Chris is the featured character, host and narrator in the PBS NATURE special that he helped to create, ‘Bears of the Last Frontier’. This major three-hour mini-series follows his epic journey across Alaska by motorcycle in search of black, grizzly, and polar bears, documenting a year-long immersion into their world, and the beauty of Alaska’s rugged wilderness. He is also the author of the accompanying book of the same title – a large format publication that describes the experience, the bears, and even behind the scenes insight from the production of the film. More recently Chris has become a narrator for the NATURE series produced by THIRTEEN/WNET.ORG for PBS. Narrations have included films that draw audiences into stories of the Himalayas, an elephant herd in Kenya, Australia’s outback pelicans, and Elsa, the world’s most famous lion cub.
He is the Executive Director of Wildlife Media – a non-profit conservation organization that oversees BEARTREK, a global campaign and independent feature documentary for bear conservation. This epic, big-screen film about a global natural history adventure brings untold stories of bears and colorful cultures in Borneo, Peru, Alaska, and the Arctic. In addition to documenting Chris’s motorcycle conservation quest across four continents, BEARTREK is a giant experiment that brings a new approach to raising awareness and funding for conservation through a high end theatrical film, a campaign, and a social media movement.
Chris owns an ecology and environmental education organization in Bellingham, Washington State and is the co-founder of the acclaimed Grizzly Bear Outreach Project (GBOP). GBOP has been praised as a model for effective education outreach in the North Cascades and Selkirk mountains and has taken great steps to engage rural communities in grizzly bear information dissemination since 2002. The approach has recently been expanded to also include cougar and wolf education needs.
Chris has also been a frequent lecturer at Western Washington University’s Huxley College of Environmental Science in Bellingham. He has a B.S. in Applied Ecology (East London, UK) and an M.S. in Advanced Ecology (Durham, UK). In 2003, the Environmental Education Association of Washington honored Chris as Outstanding Environmental Educator of the year. In 2008 his contributions to grizzly bear conservation in the USA were honored with an award from the Interagency Grizzly Bear Committee, a government panel responsible for recovery of the great bear.

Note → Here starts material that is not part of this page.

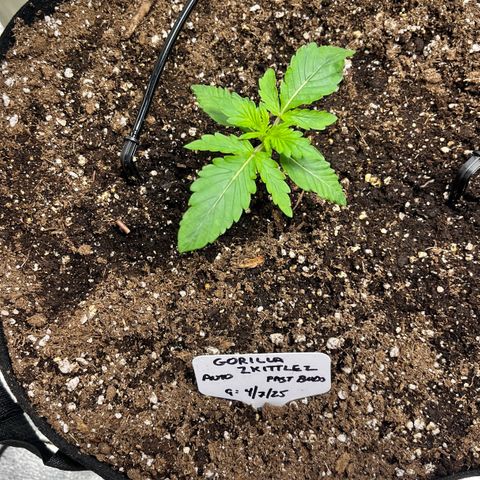 Gorilla Zkittlez Auto growlog timeline photo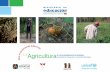 LaAgricultura · 2016-05-31 · la Nación Movima ya que la riqueza y la variedad de las tierras que se encuentran en las riberas de los ríos y en los bosques, son aprovecha-das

Chris knows that conservation depends on people and if people don't see the connection between their own well-being and wildlife, then nothing will change. "What's good for bears is good for people," you will often hear Chris say at one of his many public events. Chris also has an acute sense of the power of media to bring hearts, minds, and resources towards conservation. As one of the most gregarious, personable, and good hearted larger-than-life scientists you'll ever meet, the response to his on-camera appearances has brought him incredible opportunities to promote the value of conservation for us all.
Chris spends much of his work, and play time in the North Cascade Mountains one hour from his home. Despite his varied activities within the realm of wildlife conservation, Chris says that he is never happier than when immersed in bear country – “the real world” as he calls it.